De acordo com Nilson, os dois combustíveis essenciais no desenvolvimento de um país são a indústria e a agricultura. Para dar conta da produção, no entanto, é necessário contar com um sistema que distribua a energia elétrica com eficácia. Ele relembra que até o começo do século Mato Grosso sofria com a falta de abastecimento energético, e, apesar dos grandes investimentos, ainda é preciso tratar a questão com prioridade.

 

“O Nortão nasceu sem energia, sofreu sem energia até praticamente o ano de 2000, quando Dante de Oliveira complementou o trabalho que Jayme Campos iniciou. Aqui a energia era obtida por gerador, muito precária, até a chegada da Usina do Manso. Mas o problema é que ela só leva a energia para fora. A energia que produzimos aqui não fica aqui, os royalties não ficam aqui. Ela é gerada, mas vai para o sudeste.

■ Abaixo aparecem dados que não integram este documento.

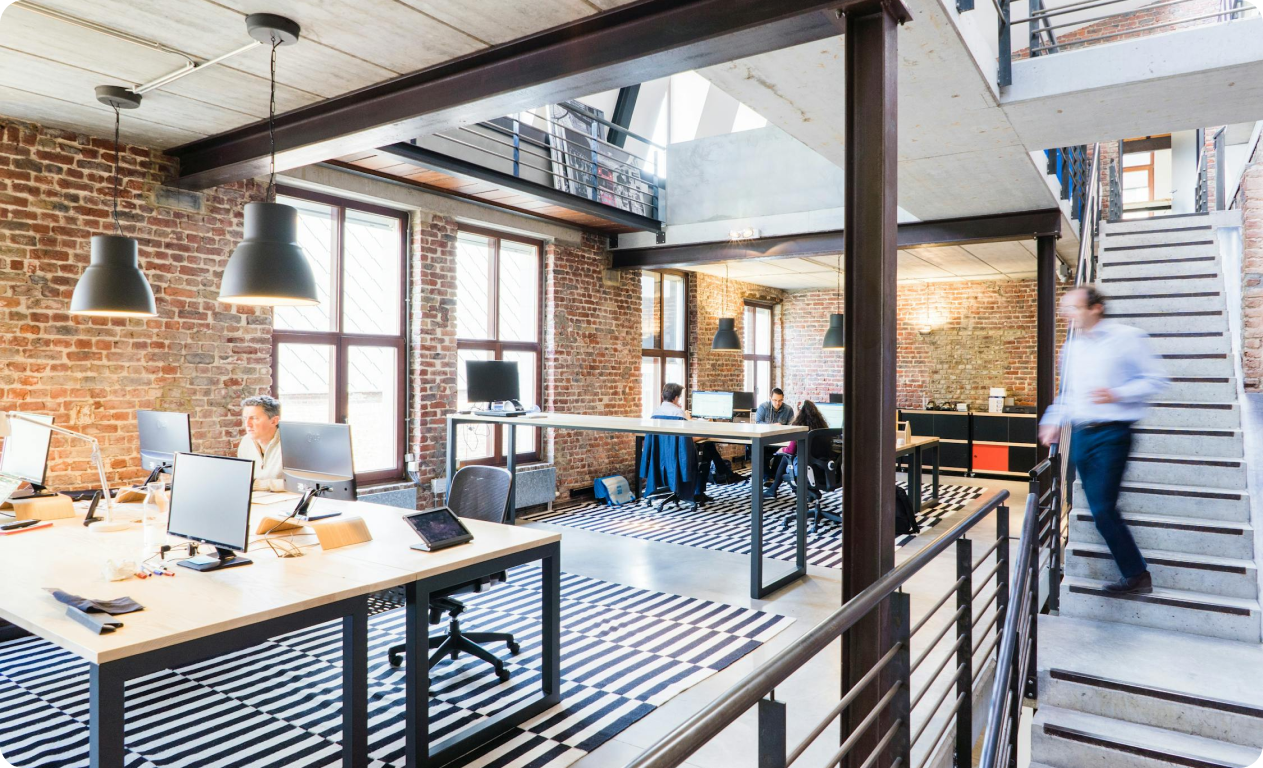 Image of an office containing people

O lucro disso é muito pouco e precisamos inverter isso”, afirma.

 

Segundo Leitão, a qualidade da energia é comprometida devido ao desenvolvimento do estado. “São mais indústrias abrindo, a tecnologia no campo aumenta, precisamos cada vez mais de energia, de quantidade, para poder fazer funcionar tudo isso. Essa é a grande necessidade e estamos na região mais rica para produzir energia limpa, porque o Mato Grosso é o segundo estado mais rico hidricamente. Com mais quantidade de água, de rios, de todo o Brasil”, diz.

 

Para o candidato, a saída é manter o alto nível no fornecimento de energia elétrica. “Mato Grosso já foi importador de energia e hoje é exportador, graças aos investimentos realizados. O que precisamos é não deixar cair a qualidade”, finaliza.